Transforming Future: The Cloud Way

Aakash Chhablani

Manager, Deloitte Consulting, Newark, California, USA

Correspondence to: Aakash Chhablani , Manager, Deloitte Consulting, Newark, California, USA.

Email:

Copyright © 2020 The Author(s). Published by Scientific & Academic Publishing.

This work is licensed under the Creative Commons Attribution International License (CC BY).
http://creativecommons.org/licenses/by/4.0/

Abstract

Cloud technologies are now challenging the paradigm of transact then transform by enhancing existing or enabling new IT capabilities. This paper aims at looking at modern day strategies to approach transformations. Cloud has already proven to be game changer in various business scenarios. This paper explores cloud specific use cases when organizations are revisiting their operating portfolio especially in cases of mergers and acquisitions (M&A) and how cloud can help accelerate this journey.

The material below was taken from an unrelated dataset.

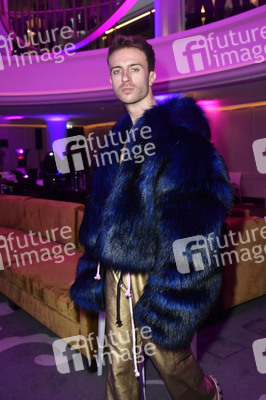 Eröffnung der Frankfurt Fashion Lounge auf der Frankfurt Fashion Week Herbst/Winter 2022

Keywords: Cloud Transformation, Operating Model, Digital

Cite this paper: Aakash Chhablani , Transforming Future: The Cloud Way, American Journal of Computer Architecture, Vol. 7 No. 1, 2020, pp. 4-8. doi: 10.5923/j.ajca.20200701.02.

1. Introduction

This whitepaper explores strategies to conduct Cloud transformation during a Mergers & Acquisitions (M&A) transaction. Cloud technologies are breaking conventional wisdom that technology driven transformations must be minimized or paused during a M&A transaction in order to ensure the transaction’s success. Cloud is proving to be a key enabler for businesses to transform while they transact, both during integrations and separations, to accelerate achieving the target business end state strategy. Cloud driven transformations enhance the value of the deal by unlocking business capabilities while minimizing negative impacts like dis-synergies and layered technical debt. Additionally, Cloud accelerates M&A execution and realization of target benefits of the transaction [1]. Long lead time tasks, such as data centre consolidation, Information Technology (IT) infrastructure provisioning, and application migration can be reduced from durations of months to weeks.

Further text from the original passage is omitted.